As the US Navy celebrated a breakthrough achievement on Tuesday after successfully launching a jet-propelled drone from the deck of the USS George HW Bush, those concerned about the increasing proliferation of US drones and the deadly programs fueled by the remotely piloted aircraft expressed ominous dread.
It was the first time the US military has been able to launch one of its drones from an aircraft carrier and also a test flight for one of the new Navy's powerful, long-range and stealth version of a drone, the X-47B, which was developed by Northrop Grumman at a price of $1.4 billion.
"As our access to overseas ports, forward operating locations and airspace is diminished around the world, the value of the aircraft carrier and the air wing becomes more and more important," said Rear Adm. Ted Branch, commander of Naval Air Forces Atlantic. "So today is history."
And Mark Gunzinger, a defense analyst at the Center for Strategic and Budgetary Assessments, told Reuters the launch of the long-range, stealth aircraft was "a great story." He said, "It's a milestone and a step forward for unmanned, carrier-based aviation. But I think the real story is what's next. How do we operationalize this capability?"
But those increasingly worried about the current harm being done by US drones and the future implications of the X-47B, expressed different thoughts. As the New York Daily News points out, "Critics of drone programs have argued that the X-47B launch marks a worrying landmark of developing fully autonomous machines."
As Steve Goose, director of the arms division at Human Rights Watch, told the Washington Post: "We’re saying you must have meaningful human control over key battlefield decisions of who lives and who dies. That should not be left up to the weapons system itself.”
Earlier this year, Human Rights Watch and other campaigners launched a global campaign designed to raise the serious problems created by remotely-controlled and semi-autonomous "killer robots." Though a whole host of technologies fill that category the rise of the US drone has become the symbol of their concern.

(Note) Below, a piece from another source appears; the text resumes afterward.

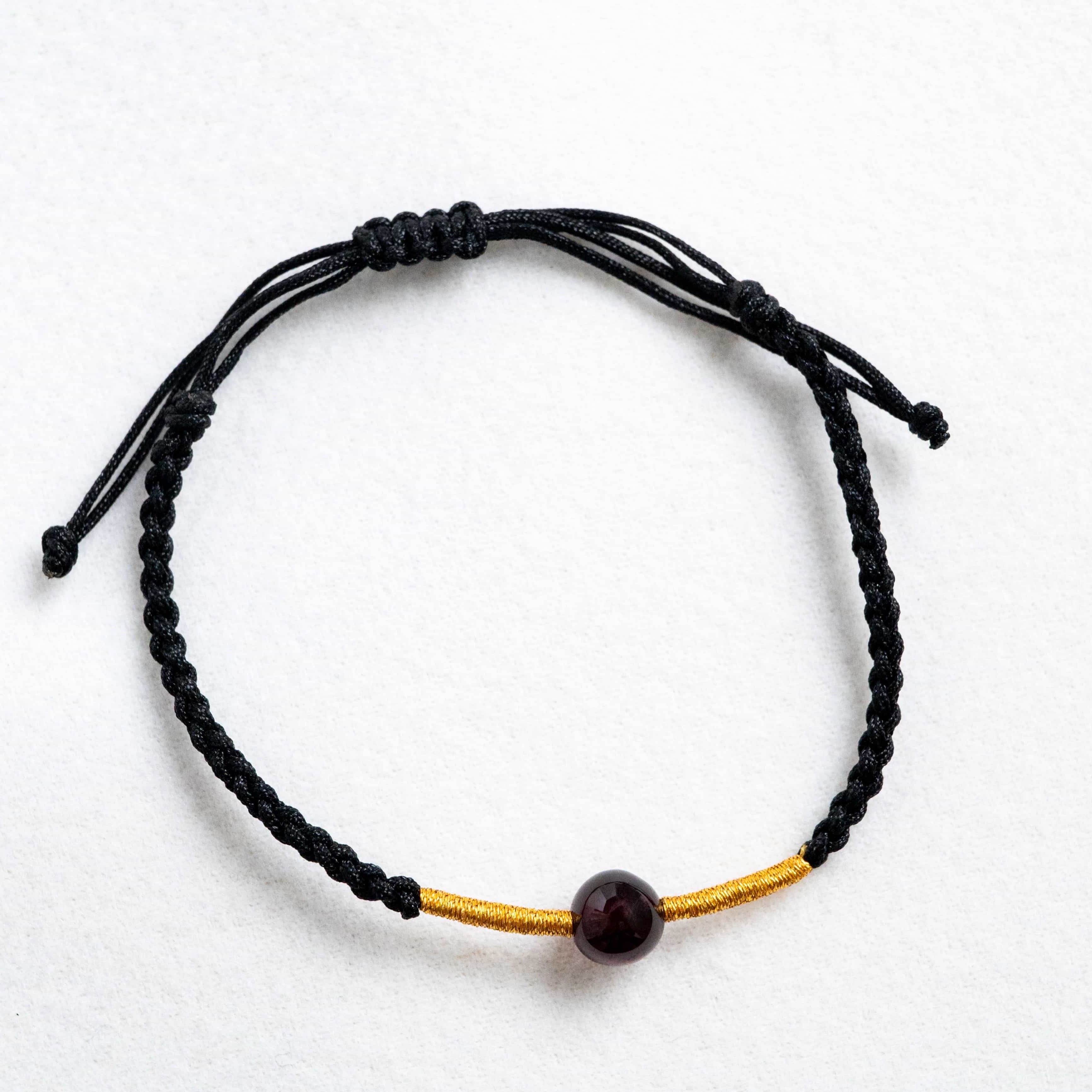 FIRE: Garnet Bead Black & Gold Braided Bracelet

And as Reuters reporting indicates, they have much to be concerned about as the US military continues to expand—and loudly champion—its increasingly powerful capabilities:
Future variants of the drone could probably be designed for full-spectrum broadband stealth, which means it would be hard for radar to locate it, analysts said. That level of stealth would be one of the drone's major defenses.

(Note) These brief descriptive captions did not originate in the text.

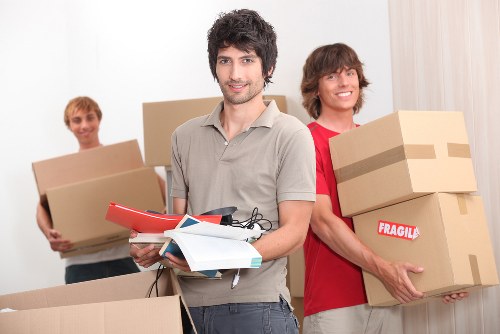 A group of three young men with light skin in a residential interior, likely a hallway or living room, preparing for a house move. The man in the foreground has dark, curly hair and is dressed in a light grey polo shirt; he is holding a stack of documents, a red clipboard, and a small pair of scissors, indicative of planning or organizational tasks. Behind him to the right, another man with curly brown hair, wearing a red shirt, is smiling while carrying two medium-sized cardboard boxes, one labeled 'FRAGILE' with clear brown packing tape. To the left, a third man with lighter hair, dressed casually in a white t-shirt, is holding a larger cardboard box. All are standing in front of a plain, light-colored wall, with some boxes placed on the floor, suggesting they are in the process of packing or preparing to move house. The scene emphasizes the practical aspects of residential removals with visible household items and packing materials typical of a house relocation in the Catford or greater South London area. Natural lighting illuminates the scene, creating a neutral and professional atmosphere consistent with house removal and relocation services.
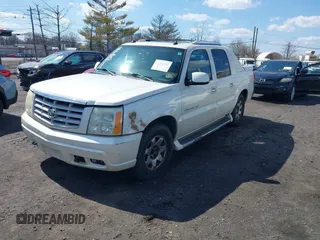 2004 Cadillac Escalade EXT z VIN 3GYEK62N24G294489, wystawiony jako IAAI lot #41887062 z przebiegiem 159 000 mil mil oraz . Historia ofert i sprzedaży dostępna na DreamBid. Obrazek 2.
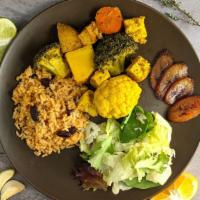 Vegan Curry Tofu Plate · Vegan plate with grilled tofu marinated in curry sauce and cooked with broccoli, carrots, pe...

U.S. drones currently in use in places like Afghanistan and the tribal areas of Pakistan, like the Predator and Reaper, are not up against any air defenses and are not stealthy aircraft.
Because of its long range and the Navy's need to have it take off and land, day and night, from an aircraft carrier, the X-47B has been designed to operate with far greater autonomy than the remotely piloted aircraft currently in use. [...]

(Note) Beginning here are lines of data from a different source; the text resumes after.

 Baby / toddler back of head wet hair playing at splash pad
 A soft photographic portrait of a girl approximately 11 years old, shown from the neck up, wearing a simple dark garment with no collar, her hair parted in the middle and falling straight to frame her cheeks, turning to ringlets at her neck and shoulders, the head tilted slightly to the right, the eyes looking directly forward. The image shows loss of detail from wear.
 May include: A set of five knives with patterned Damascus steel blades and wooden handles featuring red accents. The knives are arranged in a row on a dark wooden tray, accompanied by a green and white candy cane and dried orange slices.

A follow-on program - known as the Unmanned Carrier Launched Airborne Surveillance and Strike System, or UCLASS - is expected to build on what was learned with the X-47B to produce operational aircraft.
An initial request for design proposals is expected to be issued by the Navy some time this month. Other aircraft makers, from Lockheed Martin Corp and Boeing Co to General Atomics - are expected to compete to participate.